## Task instructions
Exactly reproduce the lines from the line bearing "MAROON STAR |" through the end of the listing, inclusive of both; pictures are to be omitted.

## Information supplied
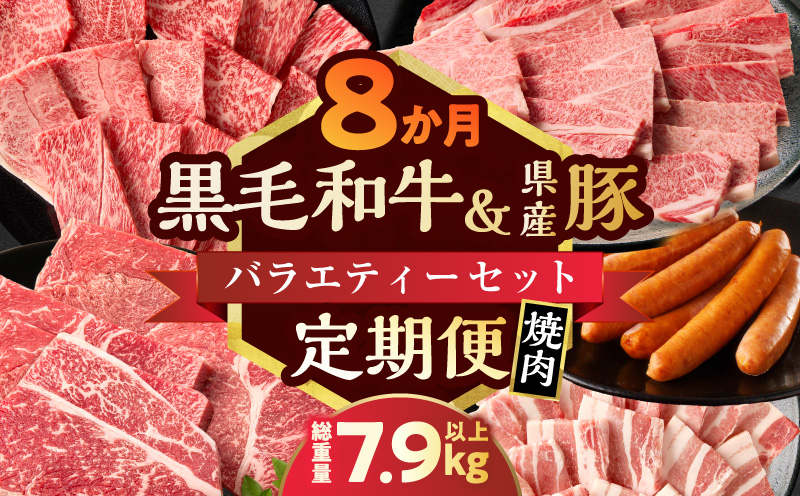 ≪8か月定期便≫黒毛和牛＆県産豚バラエティーセット(焼肉)総重量7.9kg以上 肉 牛 牛肉 国産_T030-1803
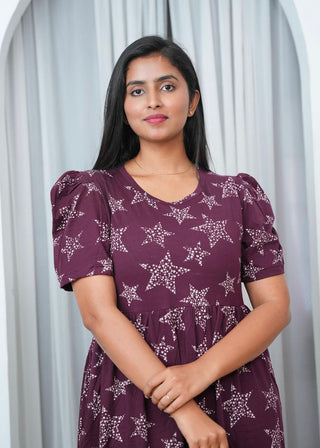 MAROON STAR | NON-FEEDING MAXI – PUFF SLEEVES | FULL LENGTH MAXI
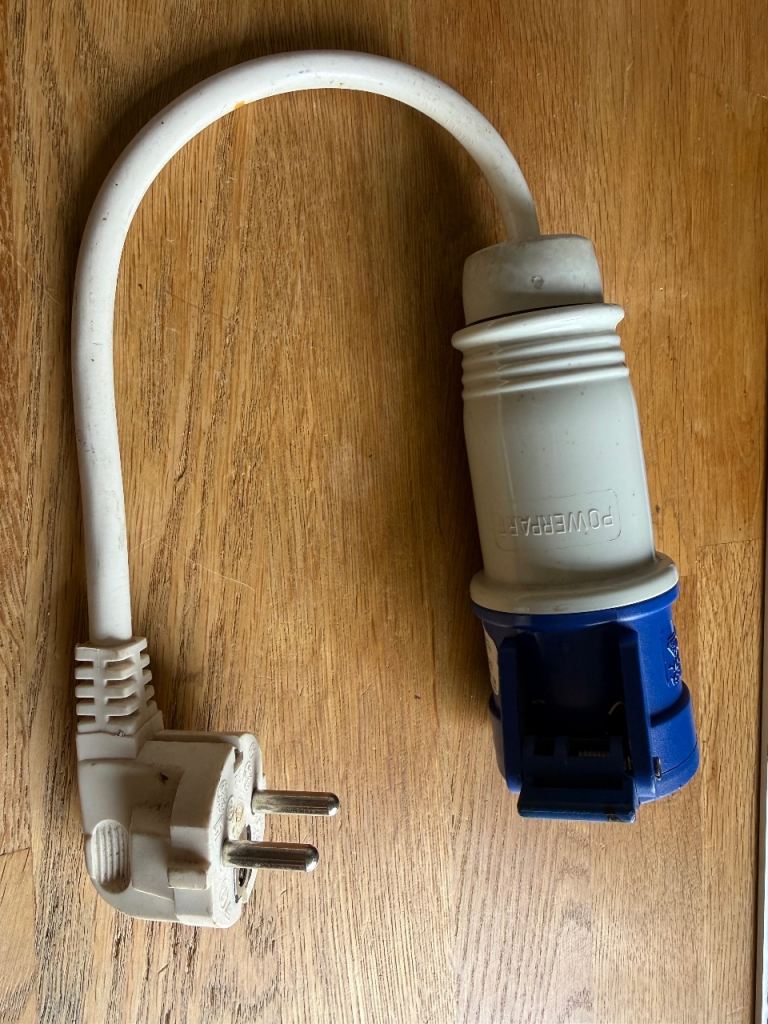 Continental mains plug adaptor for caravan or motorhome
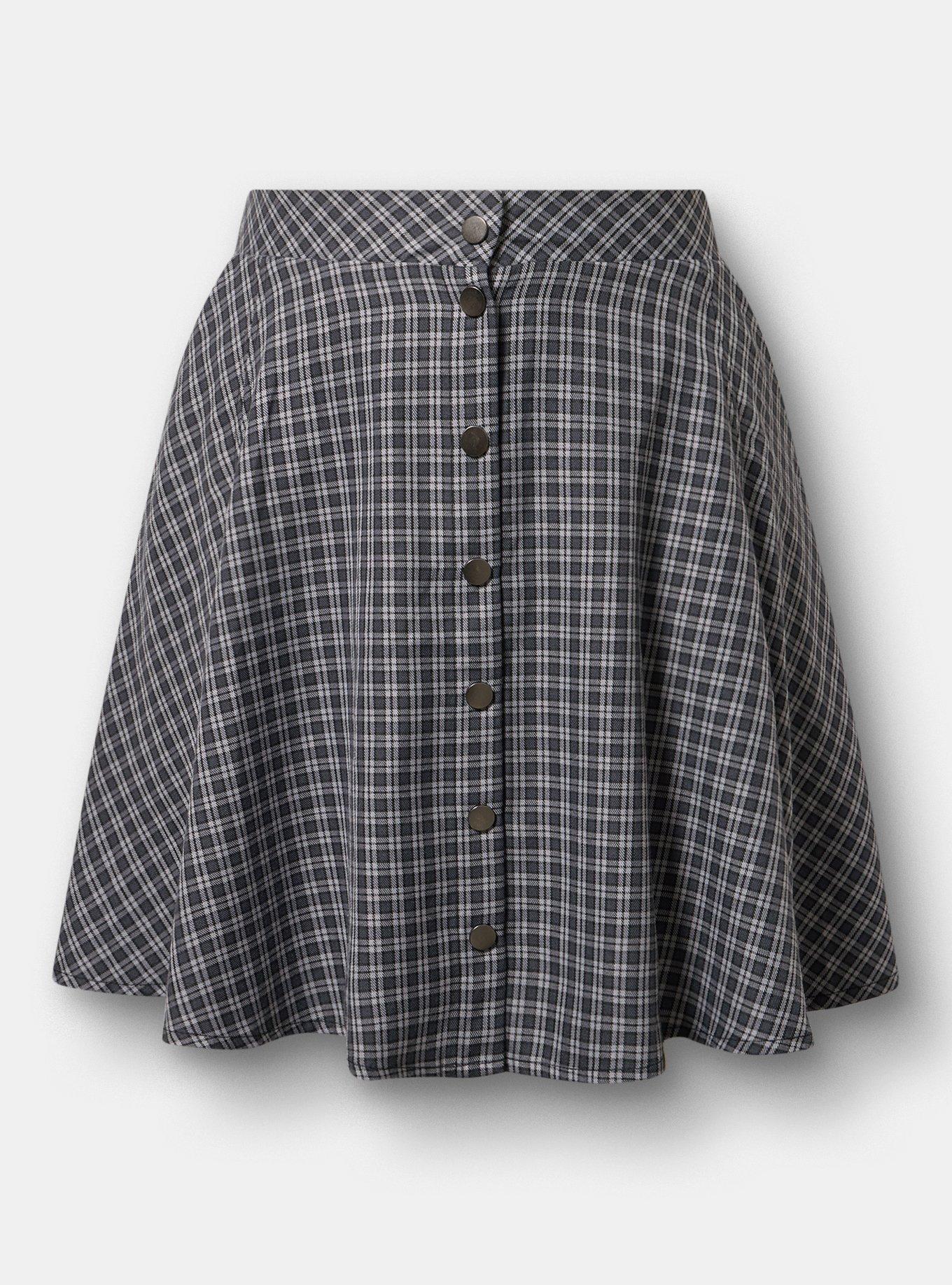 Skater Button-Front Mini Skirt, INGRID PLAID GREY, flat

## Answer to this problem
 MAROON STAR | NON-FEEDING MAXI – PUFF SLEEVES | FULL LENGTH MAXI
 Continental mains plug adaptor for caravan or motorhome
 Skater Button-Front Mini Skirt, INGRID PLAID GREY, flat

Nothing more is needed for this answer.